Statistics Is for Testing (Lack of) Randomness
Statistics is not good at detecting fudged data. However, testing randomness is possible. Randomness in a randomized controlled trial means:
- - a representative sample “drawn at random” from a target population,
- - each member of the target population has equal chance of being selected,
- - if other criteria for selection are applied, the result will not be the effect of treatment, but the effect of bias,
- - the theory of statistical testing is based on randomness (see Chap. 1),
- - unrandom data produce p-values that are pretty meaningless.
We will try and name two important causes for unrandomness. The first cause is extreme inclusion criteria. An example is given. In 1991 Kaariainen published an interesting study in Scand J Gastroenterol (1991; 23: 58-66). A controlled clinical trial of Helicobacter-associated gastric bleedings was analyzed according to two different analysis procedures, one applying strict inclusion criteria, and the other applying pretty loose criteria for inclusion. The effect of the strict criteria on the numbers of patients to be excluded from the study was huge as expected.
- 285 Patients had to be excluded in case of strict inclusion criteria.
Complications mainly in the form of bleedings were observed in only two patients which was 1.7 % of the studied population (only “superman” subjects were left in the trial).
- 4 Patients had to be excluded in case of loose inclusion criteria.
Complications in the form of bleedings were observed in 71 patients which was 18 % of the studies population.
The authors of the above study concluded, that complications in only 1.7 % of the population was not representative for the target population of this study. If you carry a briefcase full of exclusion criteria, then your trial data will be at risk of not being representative.

The second cause of unrandomness in a controlled clinical trial is inadequate data cleaning. An example is given.

An example of inadequate data cleaning is provided by an, otherwise, highly respected scientist, and great geneticist, the Augustinian friar Gregor Mendel. One hundred years ago, he used aselective samples of peas with different phenotypes. The results of his interbreedings were very close to what he expected. Using a simple chi-square test, one can only conclude, that he, somewhat, misrepresented the data. The results were closer to expectation, than could happen by randomness. See for explanation Statistics applied to clinical studies 5th edition, Chap. 11, entitled Data closer to expectation than compatible with random sampling (2012, Springer Heidelberg Germany, from the same authors).
Gregor Johann Mendel (20 July 1822 - 6 January 1884) was a German-speaking Moravian scientist and Augustinian friar who gained posthumous fame as the founder of the modern science of genetics. Though farmers had known for centuries that crossbreeding of animals and plants could favor certain desirable traits, Mendel's pea plant experiments conducted between 1856 and 1863 established many of the rules of heredity, now referred to as the laws of Mendelian inheritance.

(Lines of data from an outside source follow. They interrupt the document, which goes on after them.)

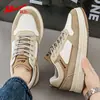 Zapatos de tirar zapatillas de hombre otoño 2026 modelo nuevo cuero impermeable moda versátil zapatos deportivos zapatos casuales para hombre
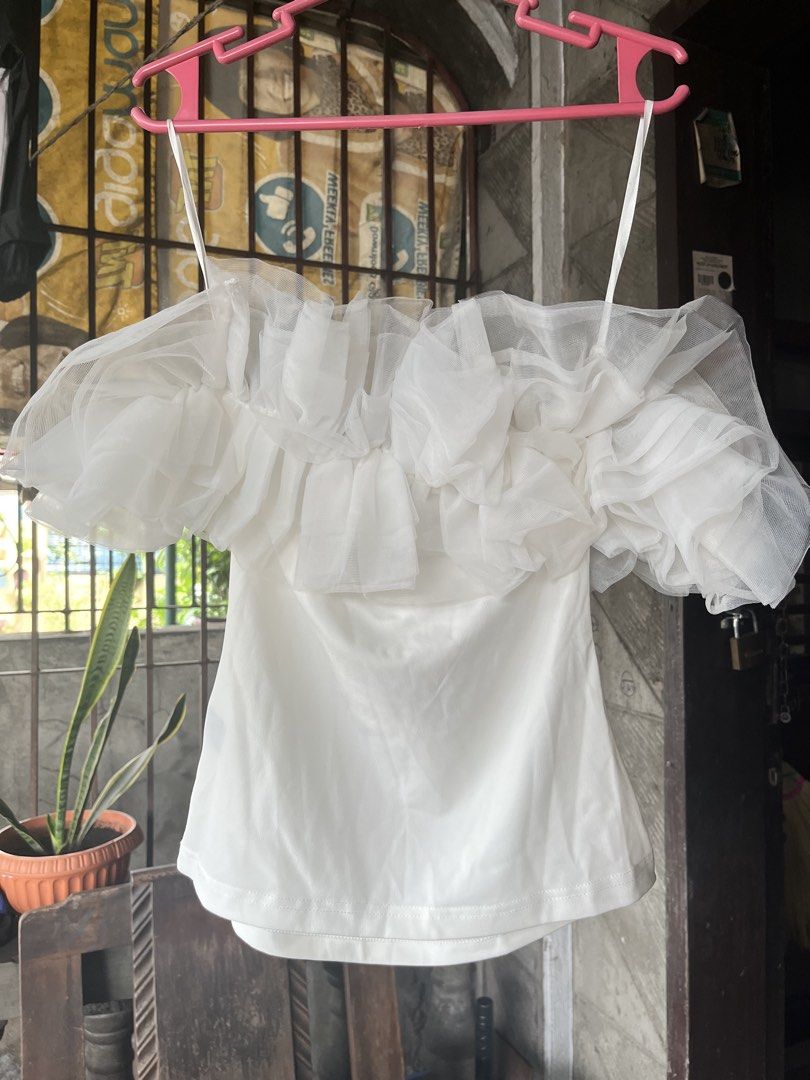 Shein White Ruffle Tulle Off Shoulder Top (Category: Sleeveless) located in Alitagtag. Submitted by jaaaimr (Listing ID 1467677028, Image 1). Description: - Brand: Shein - Size: S (EU 36, US 4) - Color: White - Design: Off-shoulder with layered sheer mesh ruffle details on chest and sleeves - Condition: Used once with no damage.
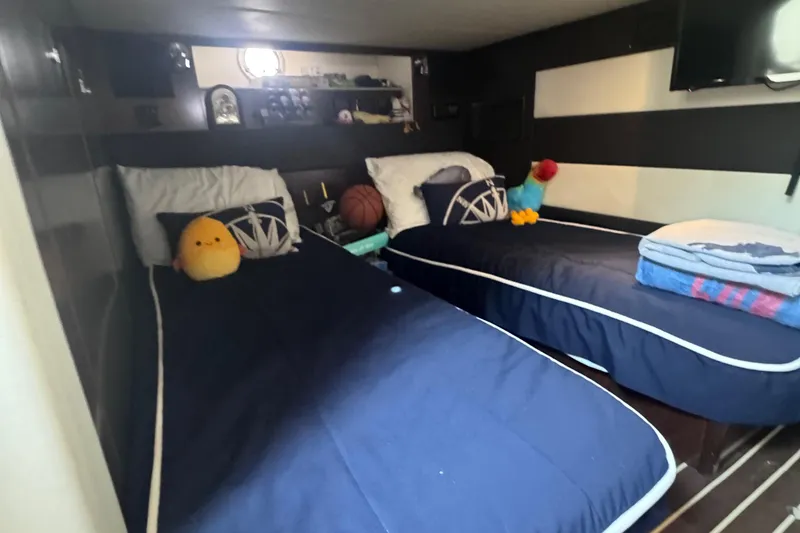 Slide: The Image of Interior cabin of 2012 Cruisers Yachts 41 Cantius with twin beds and plush toys. - 48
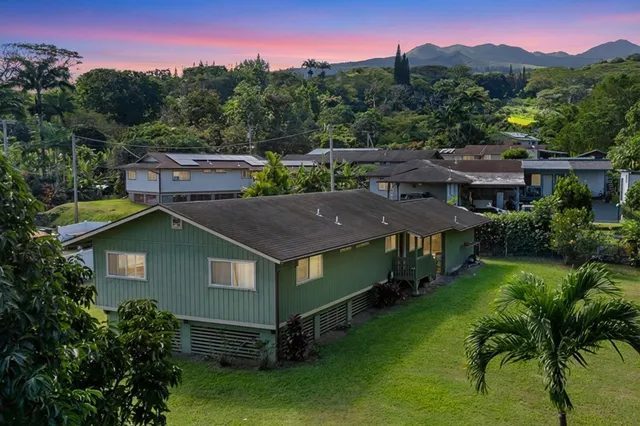 a aerial view of a house with a yard table and chairs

“Fudged” data can not be identified by any statistical test, but you can assess, whether your data are compatible with randomness. Many tests for assessing randomness are available. We will name a few of them.

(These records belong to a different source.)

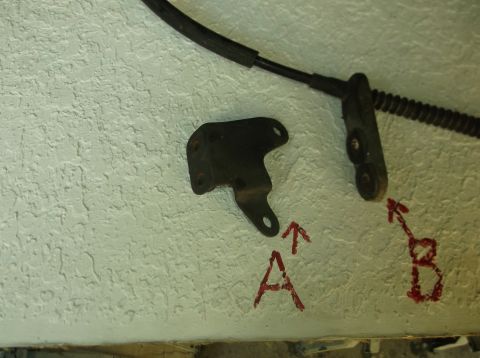 1979 Ford Ranchero - Close-up of unidentified metal brackets and a cable, possibly automotive parts.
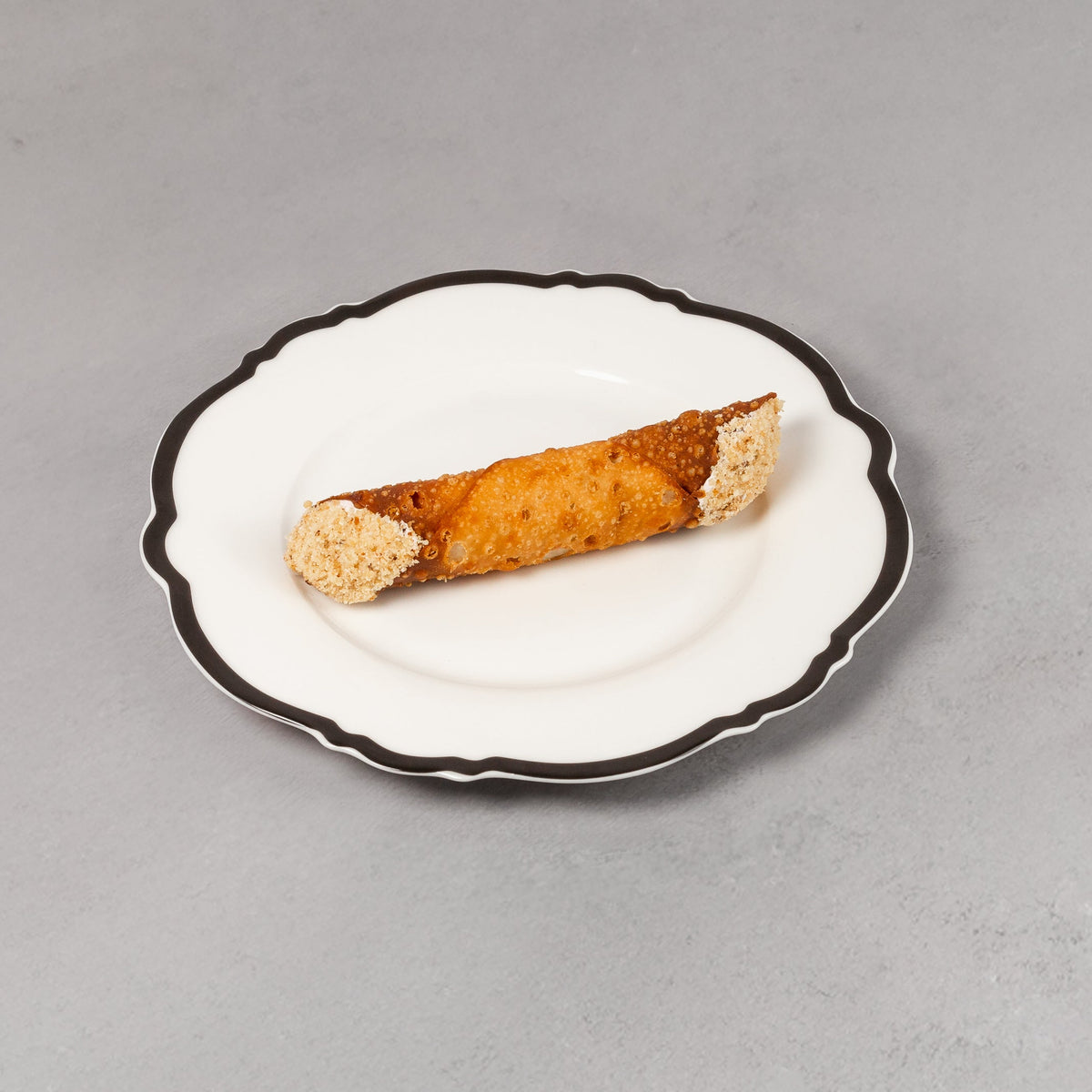 Small rolled-up pastry on a decorative white plate with black rim against a gray background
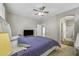 Spacious bedroom featuring a ceiling fan, soft carpet, and a comfortable bed at 2673 E Remington Pl, Chandler, AZ 85286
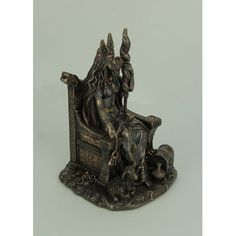 a statue of an egyptian god sitting on a throne with his hands in the air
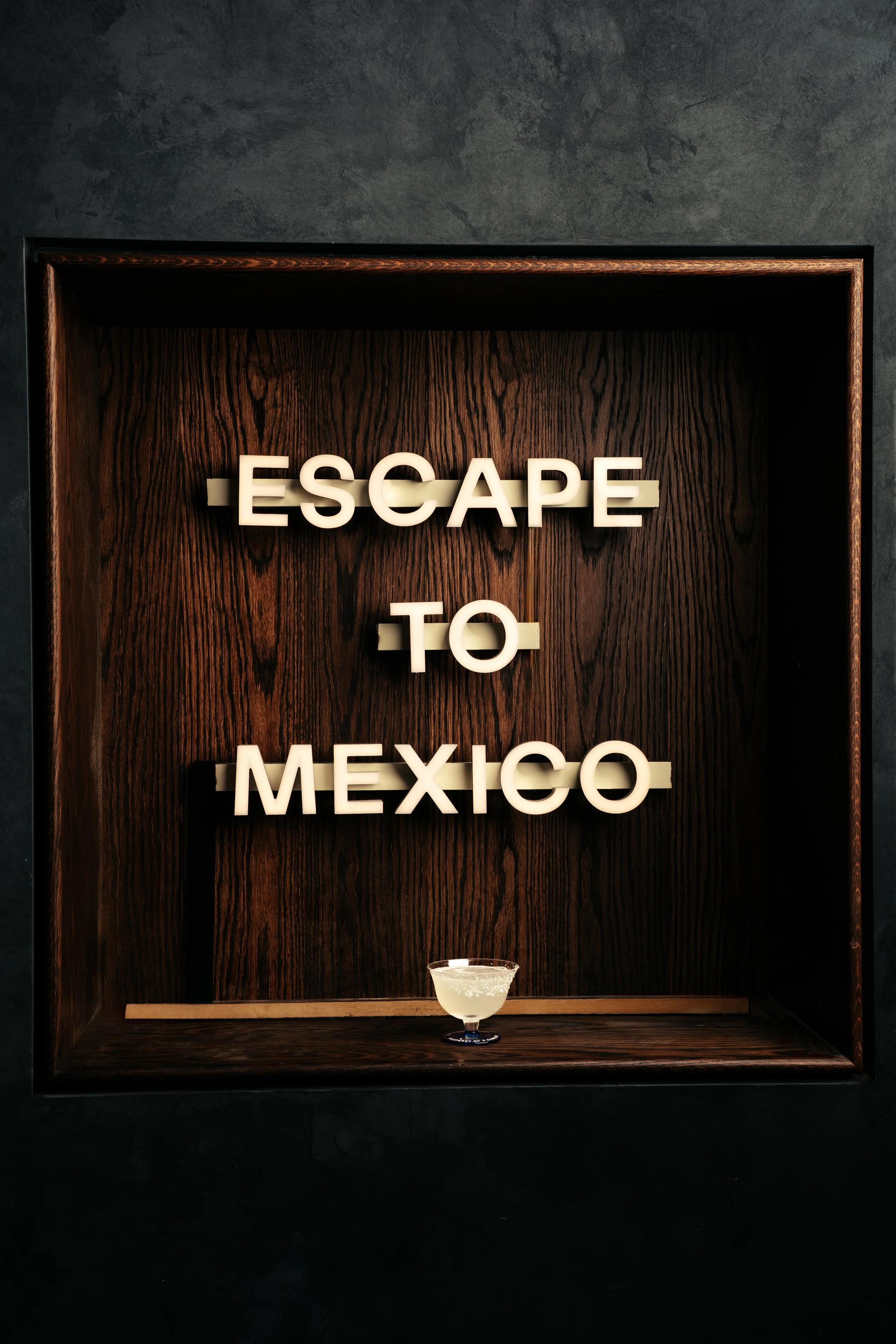 A wooden wall display with illuminated letters spelling 'ESCAPE TO MEXICO' and a margarita cocktail on the lower shelf.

- 1. Chi-square goodness of fit test.
- 2. Kolmogorov-Smirnov test.
- 3. Shapiro-Wilckens test.
- 4. Survival has an exponential pattern: if log transformation is linear, then an exponential pattern in your data supports randomness of survival data.
- 5. Extreme p- and/or standard deviation -values are not compatible with randomness, if you expect in a confirmative trial a p = approximately 0.01, then you will have less than 5% chance of a p-value <0.0001. Such p-values are not compatible with randomness.
- 6. Investigating final digits of the main result values.
An example of the above 6th method for demonstrating randomness is given.
In a statin trial, the results consisted of 96 risk ratios (RRs). It was observed, that often a 9 or a 1 were the final digits, for example, RRs of 0.99/0.89/1.01/1.011 were, frequently, observed. We can check the accuracy of these result-data with the help of a multiple comparison chi-square test, according to the underneath table.
Final digit of RR |
observed frequency |
expected frequency |
^[(observed-expected)2 / expected] |
0 |
24 |
9.6 |
21.6 |
1 |
39 |
9.6 |
90.0 |
2 |
3 |
9.6 |
4.5 |
3 |
0 |
9.6 |
9.6 |
4 |
0 |
9.6 |
9.6 |
5 |
0 |
9.6 |
9.6 |
6 |
0 |
9.6 |
9.6 |
7 |
1 |
9.6 |
7.7 |
8 |
2 |
9.6 |
6.0 |
9 |
27 |
9.6 |
31.5 |
Total |
96 |
96.0 |
199.7 |
The above table is tested with chi-square. The difference between the observed and expected frequencies are much larger than could happen by chance. The probability, that this difference could happen by chance, if the null hypothesis were true, would be <0.001. The conclusion of this, can be, that the frequency distribution of final digits of this study are not random. This would mean, that the validity of this study is in jeopardy.